The child welfare system may soon receive a big, and much-needed, shot of IT—with the potential to drastically improve both children’s and caseworkers’ safety.

The Information Portability Project, started by a partnership among the University of Pennsylvania’s Field Center for Children’s Policy, Practice & Research; Montgomery County, PA; Stewards of Change; Microsoft; and Motorola, is “designed to bring technology that currently exists in the business world to child welfare,” says Debra Schilling Wolfe, MEd, executive director of the field center. “The goal is to improve safety, decision making, and efficiency.”

Wolfe says the initiative’s impetus came from the frustrations one colleague, Richard Gelles, PhD, dean of Penn’s School of Social Policy & Practice and one of the field center’s faculty directors, has been raising for years. Wolfe summarizes: “Why is it that FedEx knows where any package is at any given moment and eBay can track bids on millions of items in real time, yet we don’t know what children that have been reported to the child welfare system have been seen and can’t accurately track kids who are in foster care? That’s pretty scary.”

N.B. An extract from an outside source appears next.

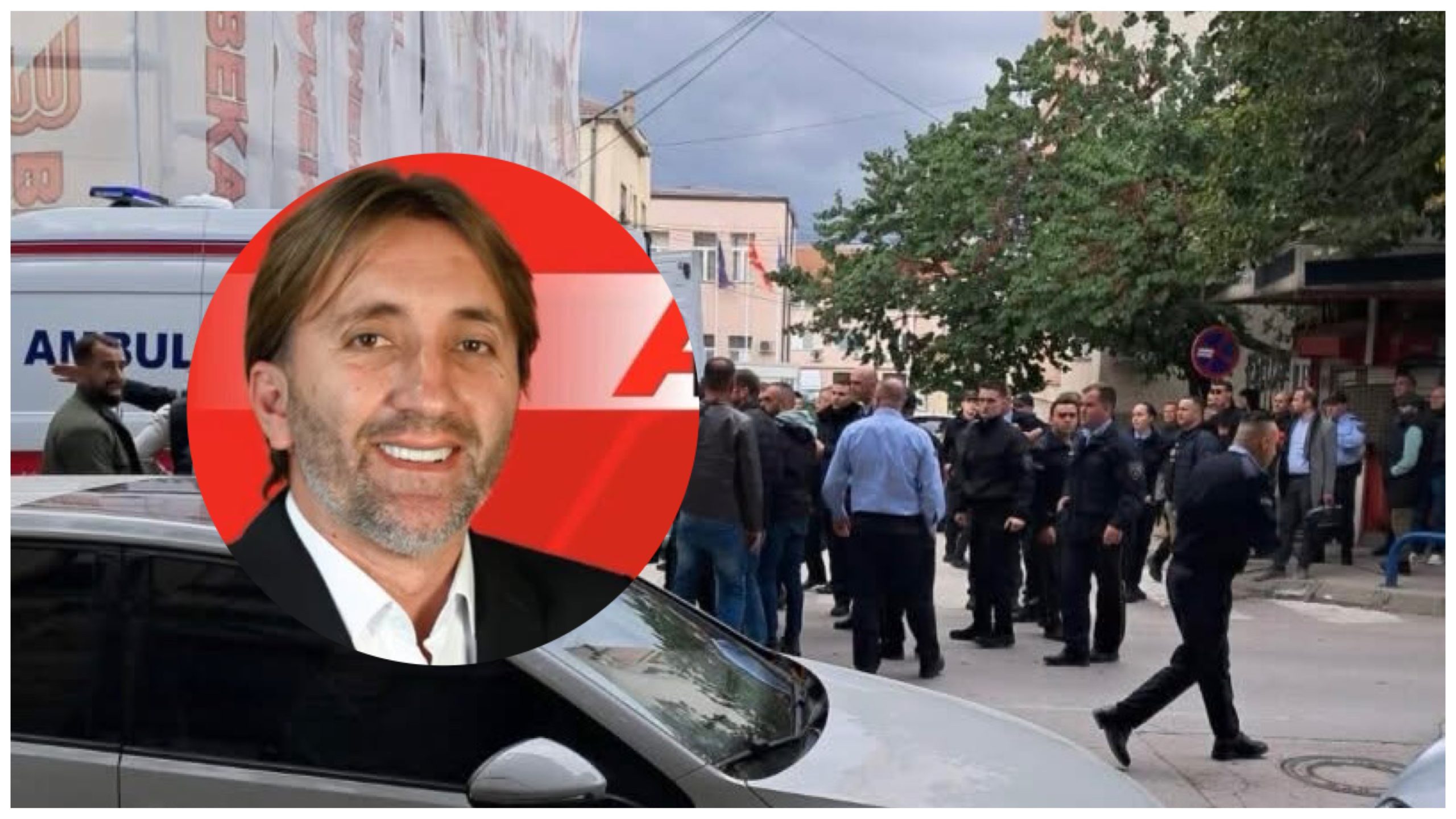 Atentati ndaj zyrtarit të BDI-së, arrestohet gruaja e mjekut Zekirija Shaini për tentativë vrasjeje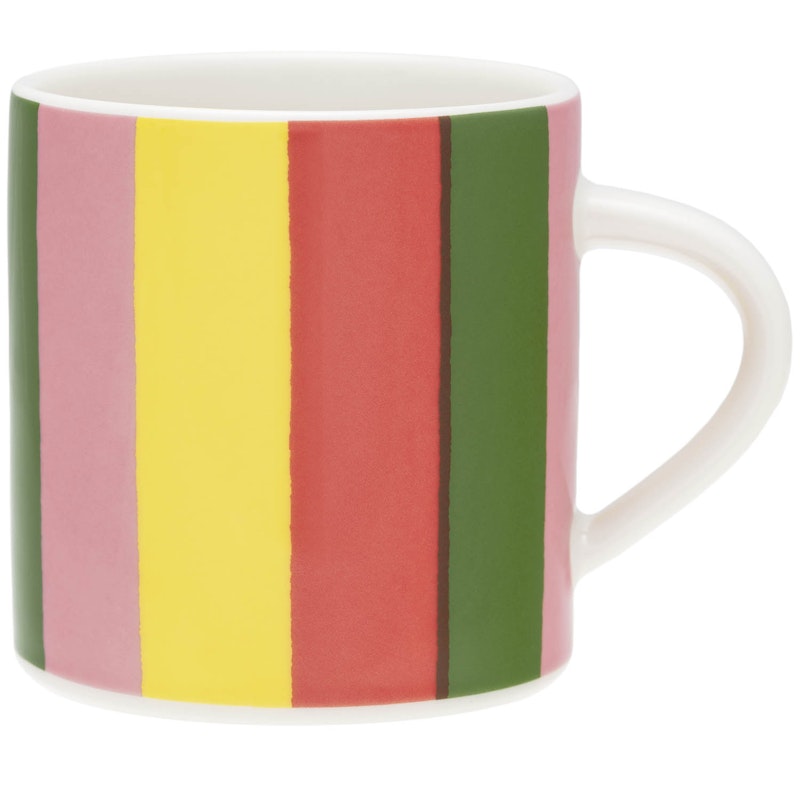 Vuokko Pieni 4-raita Muki 35 cl, Multi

In 1993, the federal government responded to this concern by creating the Statewide Automated Child Welfare Information System (SACWIS), which automates the collection of federally mandated child welfare data, providing support for the delivery and management of child welfare services. Yet Wolfe says this legacy information is hardly time sensitive and isn’t enough to keep children from harm’s way. “The SACWIS system does little to help child welfare systems do what they are mandated to do, which is to protect children,” she explains.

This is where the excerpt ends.